Rawlins took third place in the 2007 Strength in Glass Contest, a year-long challenge for university students interested in identifying marketable new products, engineering opportunities and cost savings that would be possible “if glass of any type were available at 50 times its current strength.”
Rawlins received $5,000 for his proposal of “Eversphere Glass Balloons.” The concept involves high strength, thin-walled vacuum glass balloons.
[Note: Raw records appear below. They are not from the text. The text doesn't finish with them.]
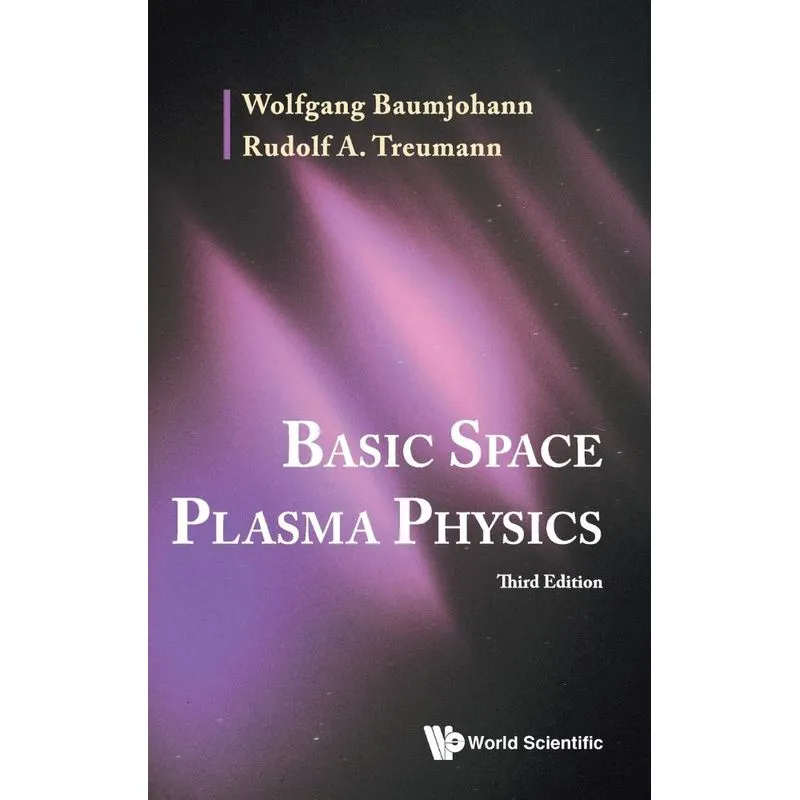 Basic Space Plasma Physics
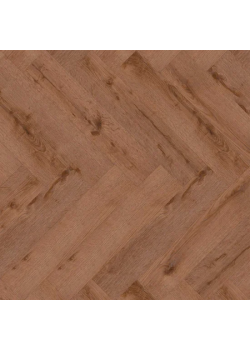Вінілова підлога ter Hurne Herringbone 2.5 Дуб Вашингтон 2419
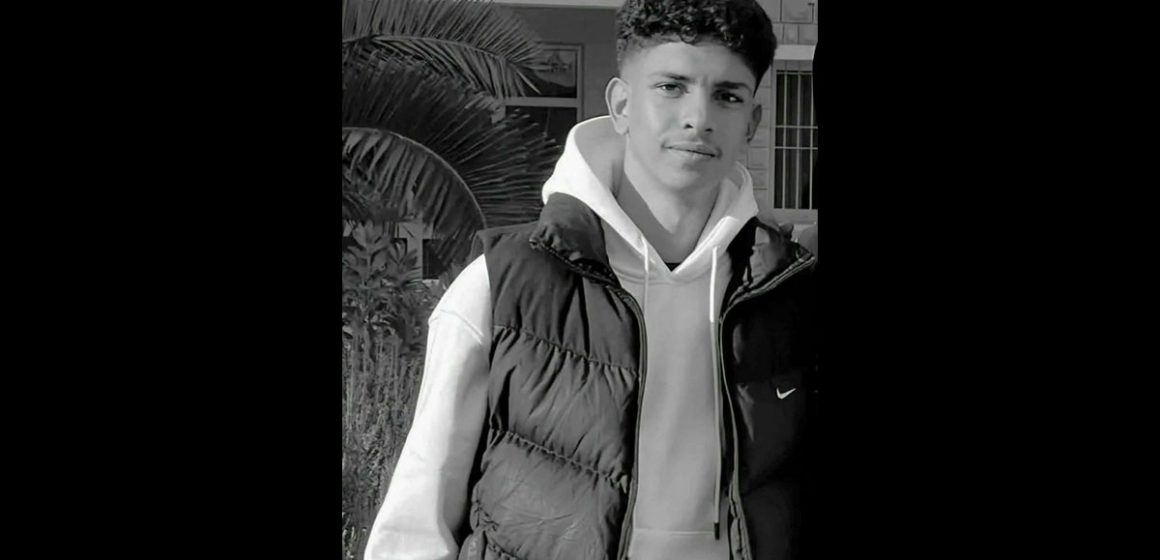 00 الاتحاد العام لطلبة تونس ينعى الطالب أحمد بوزيدي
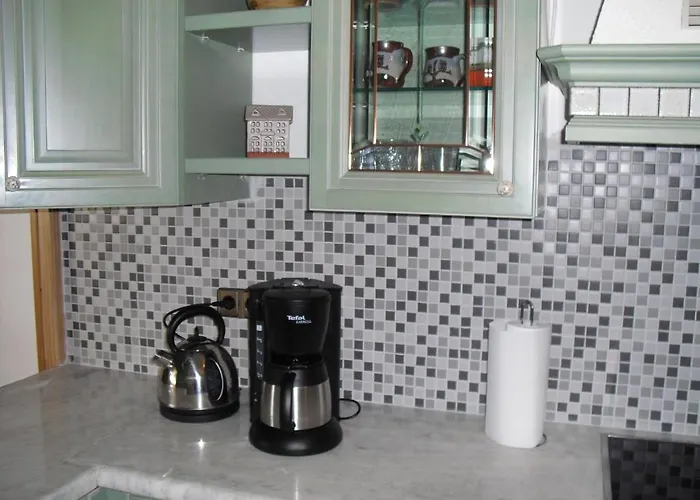 Apartment First Class *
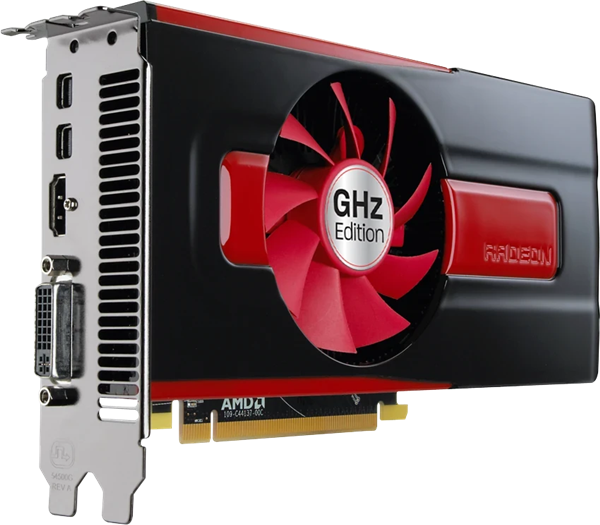 从HD 7770到RX 9060 XT：AMD再次创造历史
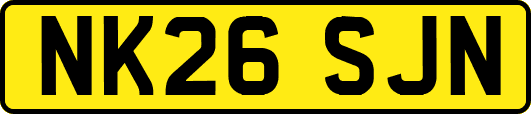 NK26SJN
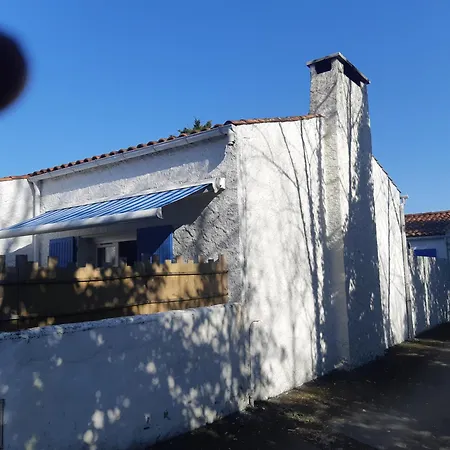 Ferienhaus La Remige *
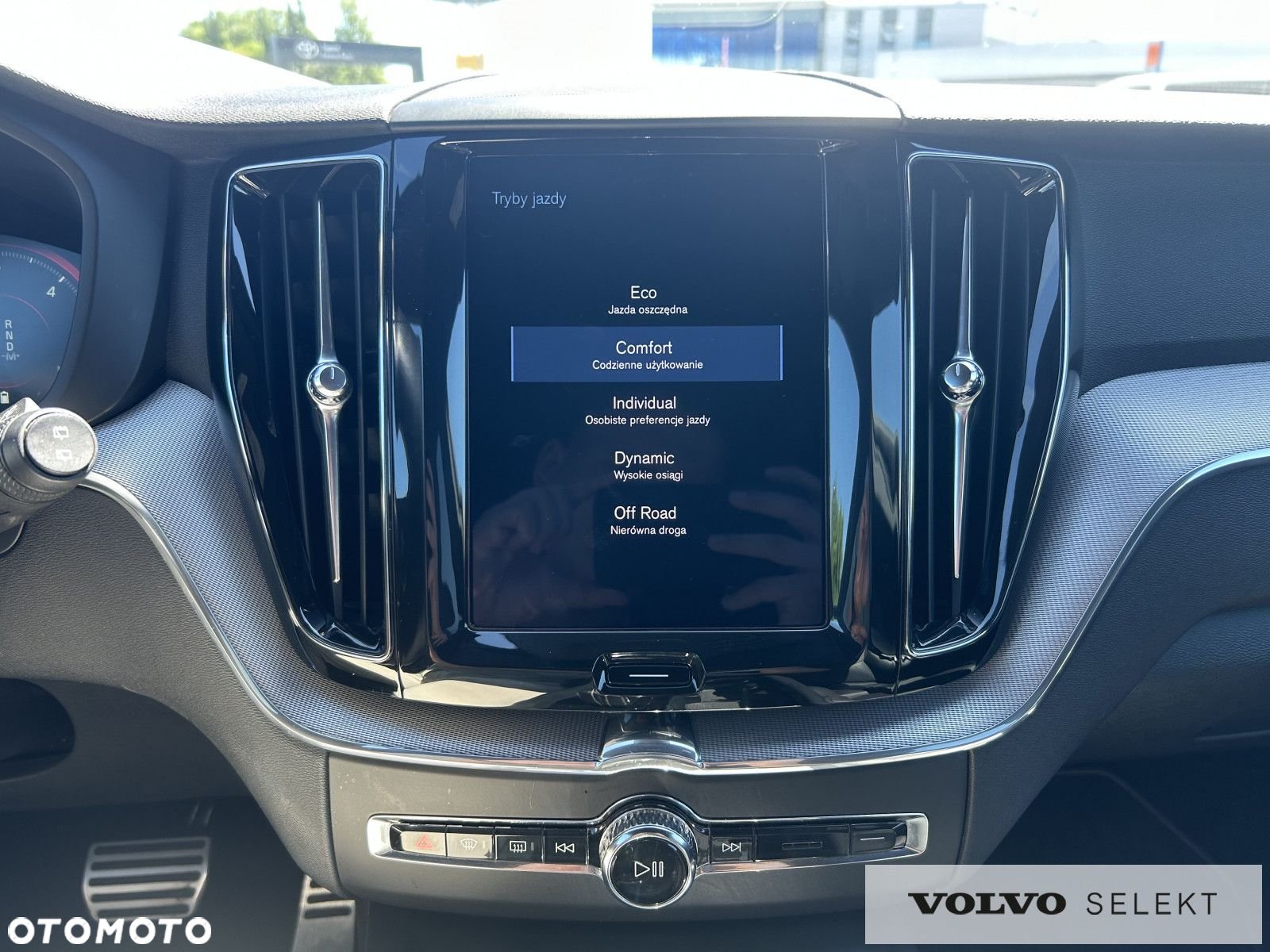 Volvo XC 60 - 16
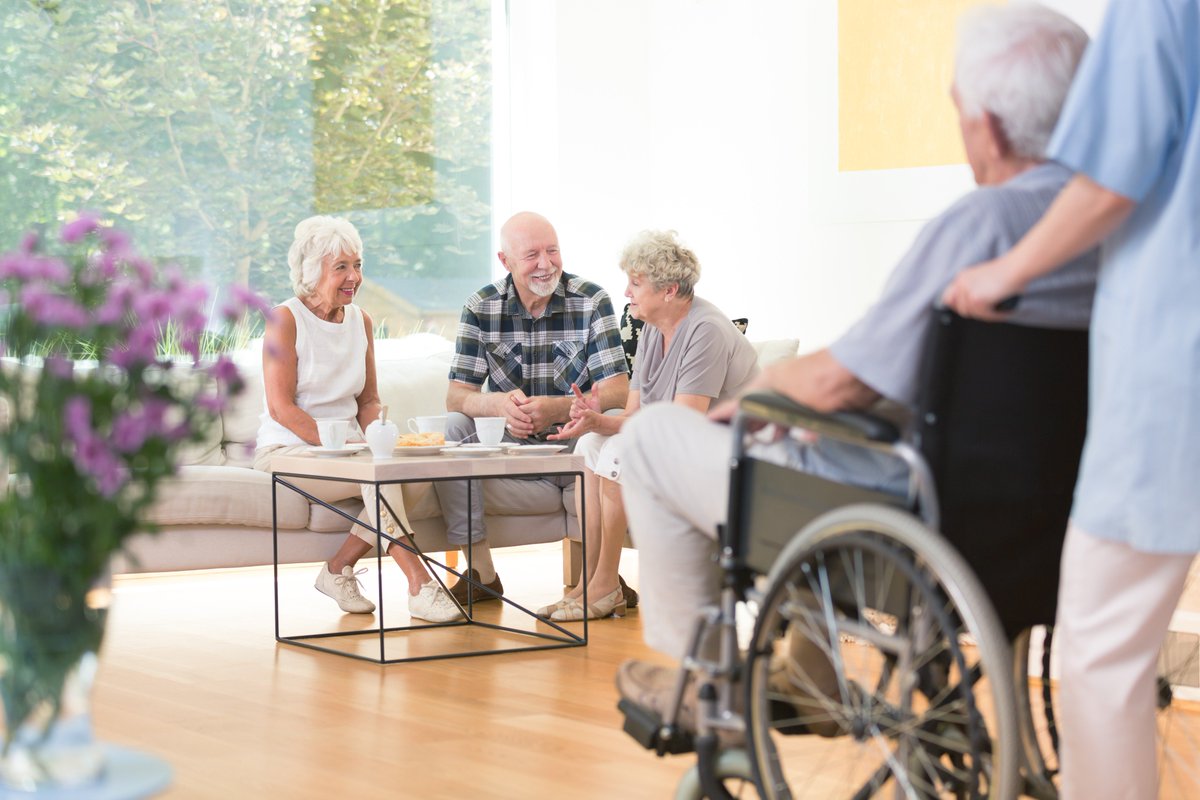 What Kind of Care Can You Expect From an Independent Living Facility?housingforseniors.com/Senior-Housing…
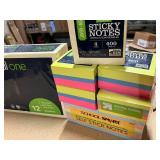 Sticky Notes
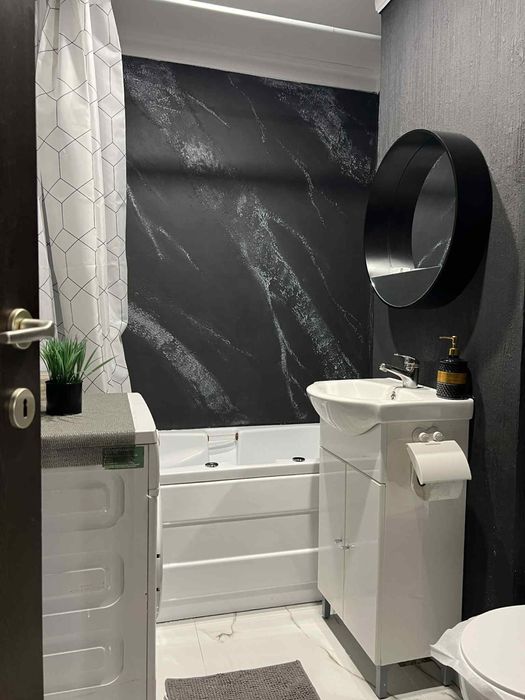 Vand apartament pb sau schimb cu casa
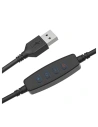 Hurtownia GSM - Ständer / Tisch-Stativ Blitzwolf BW-SL4 für das Telefon, mit LED-Lampe - BLZ292 - {ean13} - Hurt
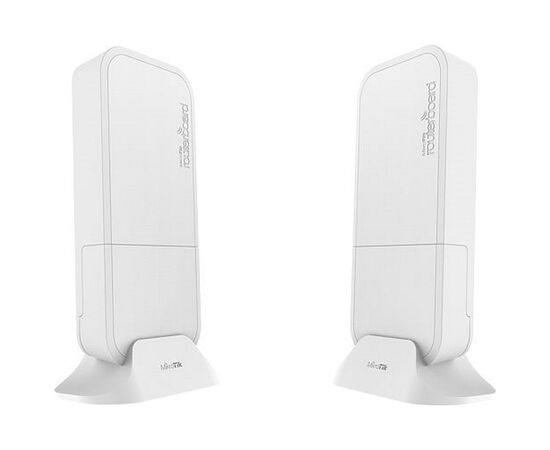 Точка доступу Wi-Fi Mikrotik Wireless Wire (RBwAPG-60adkit)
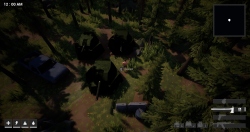 The Last Camp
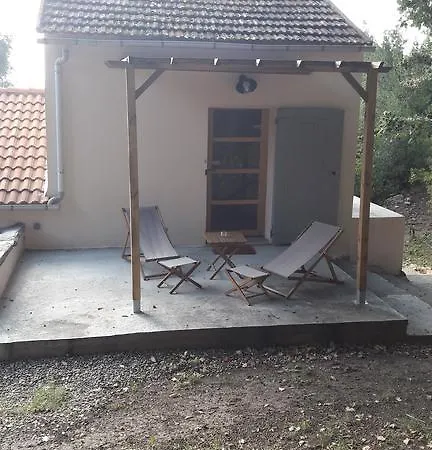 A Musella Holiday home *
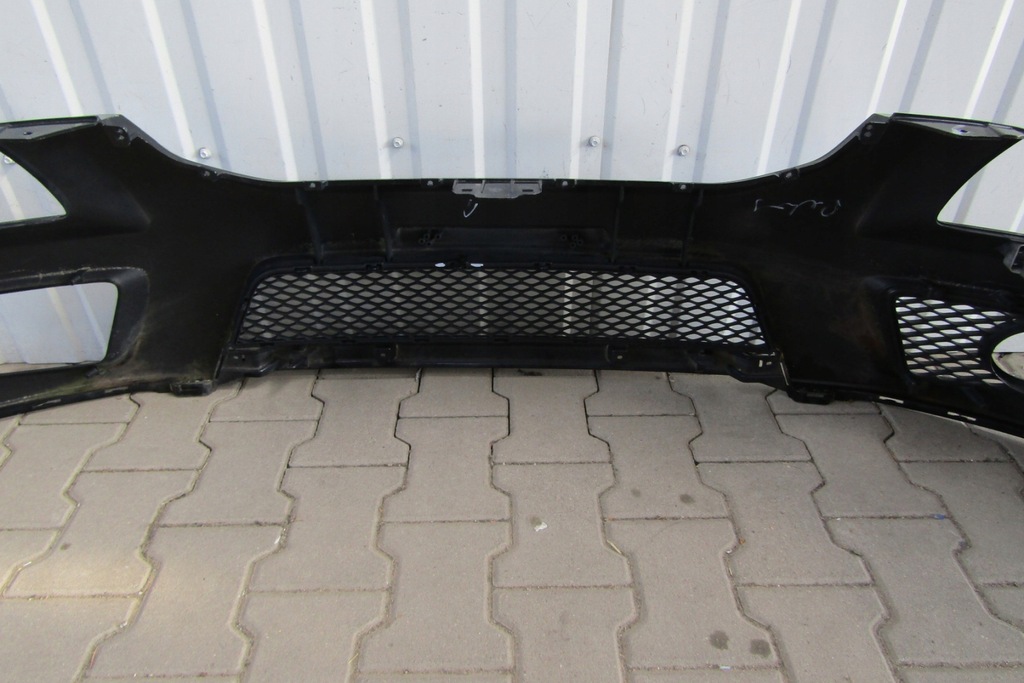 фото №9, Бампер перед передний kia sportage 2 ii lift 08-10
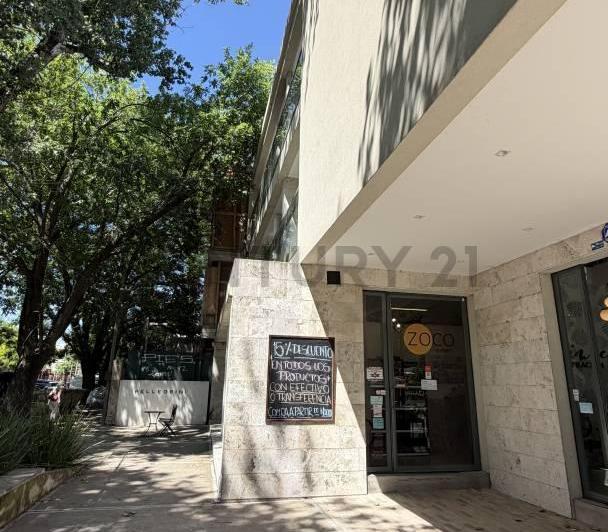 Local comercial · 45m²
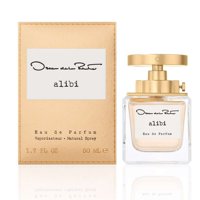 Oscar De La Renta - Alibi Edp 100Ml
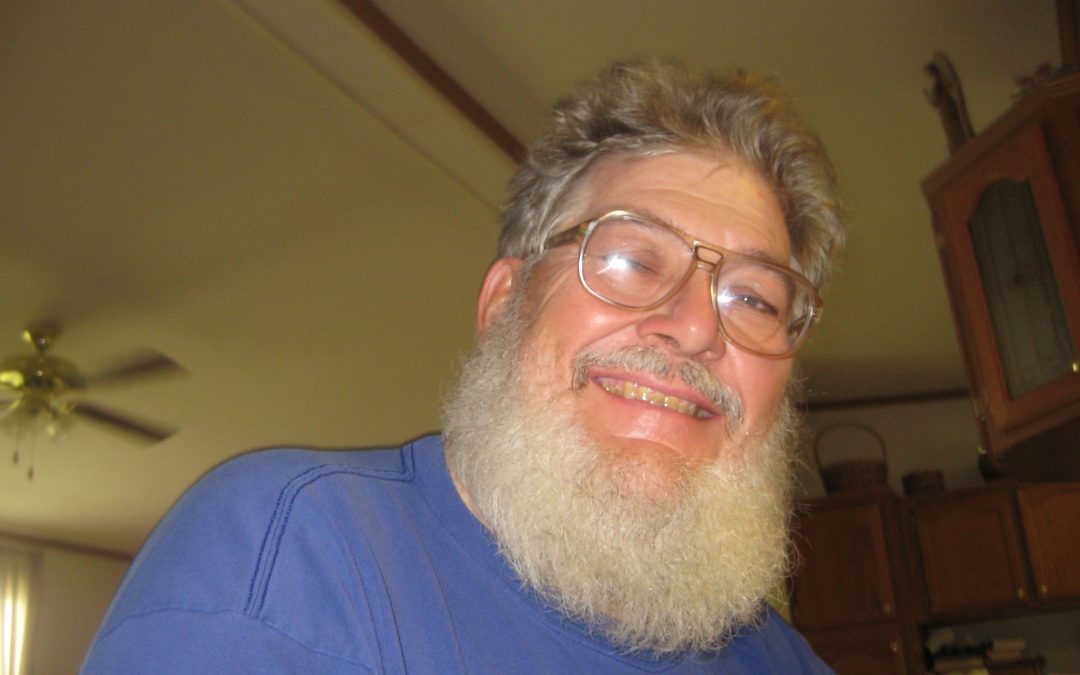 Russell “Russ” Hellwig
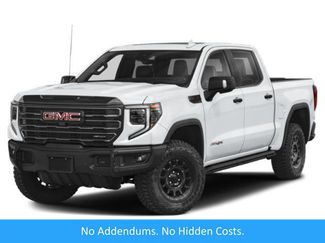 Used 2024 GMC Sierra 1500 AT4X video 1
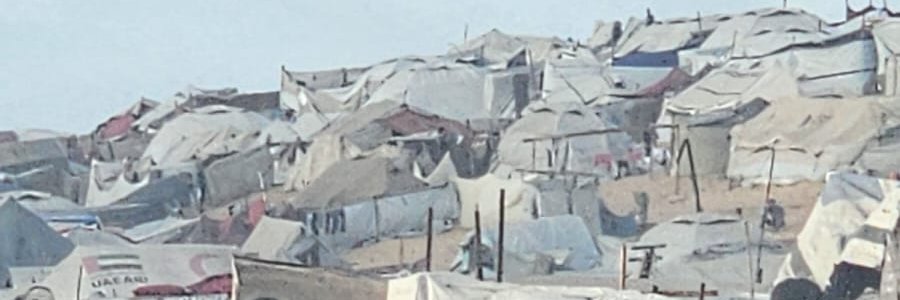 Ben Thomson 🇵🇸 (He/Him)'s banner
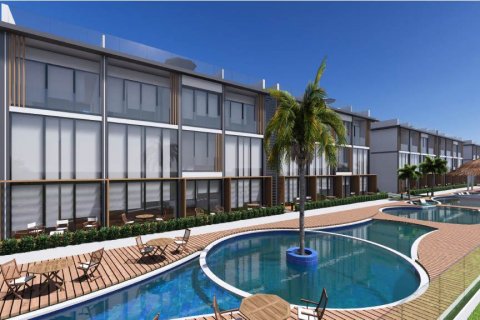 Wohnung  in Esentepe, Girne,  Nr. 210895 - 12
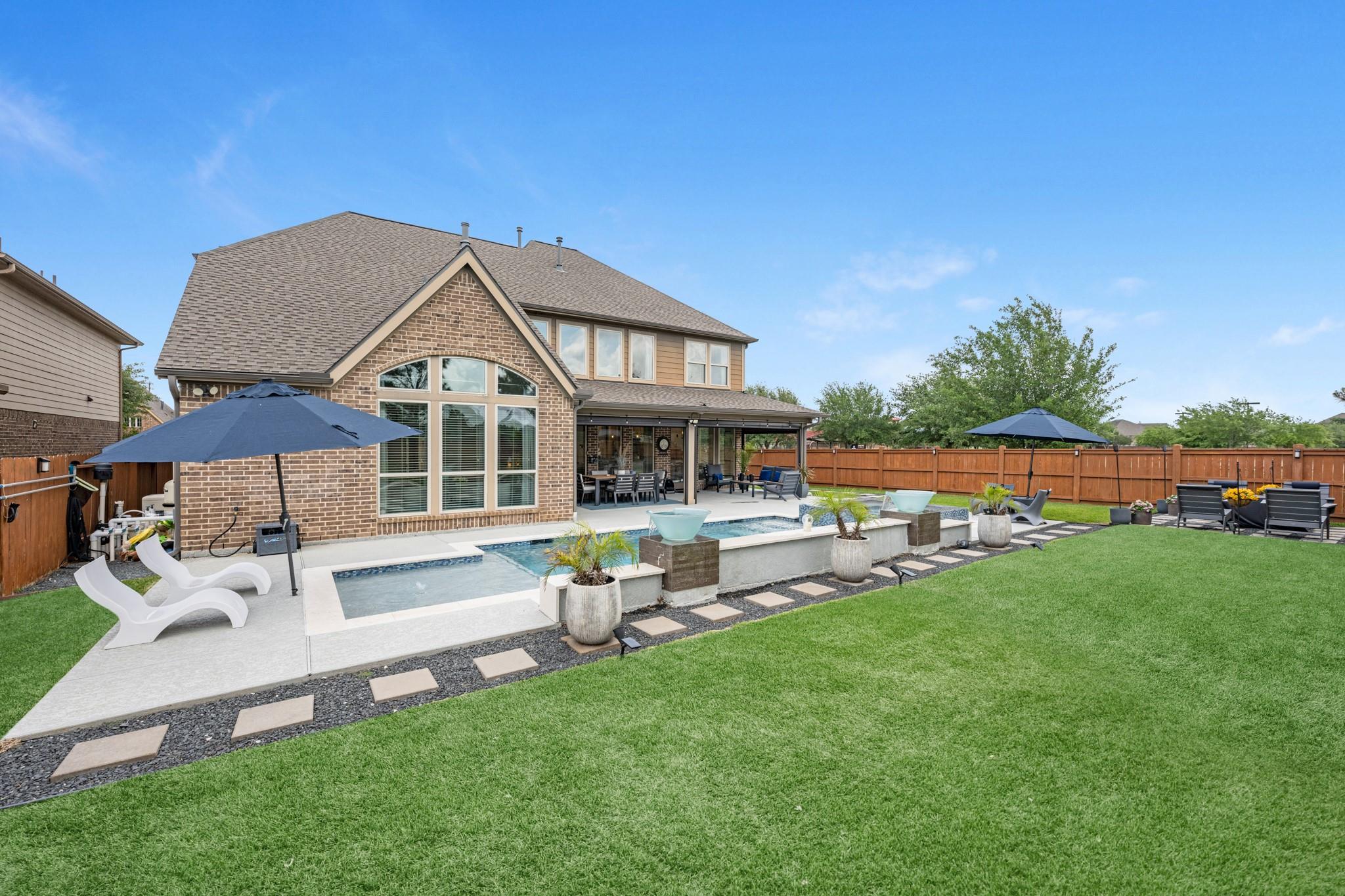 23303 Perla Verde Terrace Circle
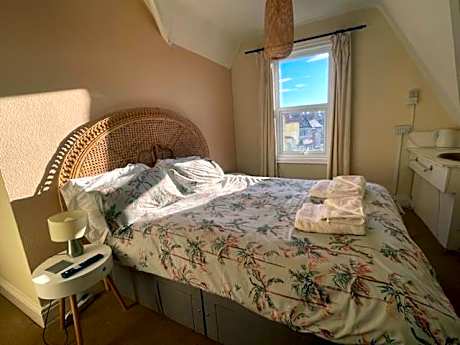 Double Room En Suite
The balloons would have a greater lifting force than helium or hydrogen balloons and would allow scientists to permanently place monitoring equipment in the upper atmosphere.
The competition was sponsored by the Glass Manufacturing Industry Council (GMIC), the glass and optical materials division of the American Ceramic Society, the International Commission on Glass, the Center for Glass Research and the National Science Foundation’s International Materials Institute on New Functionalities in Glasses.
“The industry now has a clear look at some of the amazing products that will be possible when the barriers to stronger glass are overcome and the target strengths are achieved,” says Michael Greenman, executive director of GMIC. “The next step of this process will be the creation and announcement of an X-Prize in Glass.”
The X-Prize in Glass would be similar to the $10 million Ansari Prize, which was offered in 2005 to encourage privately funded space flight.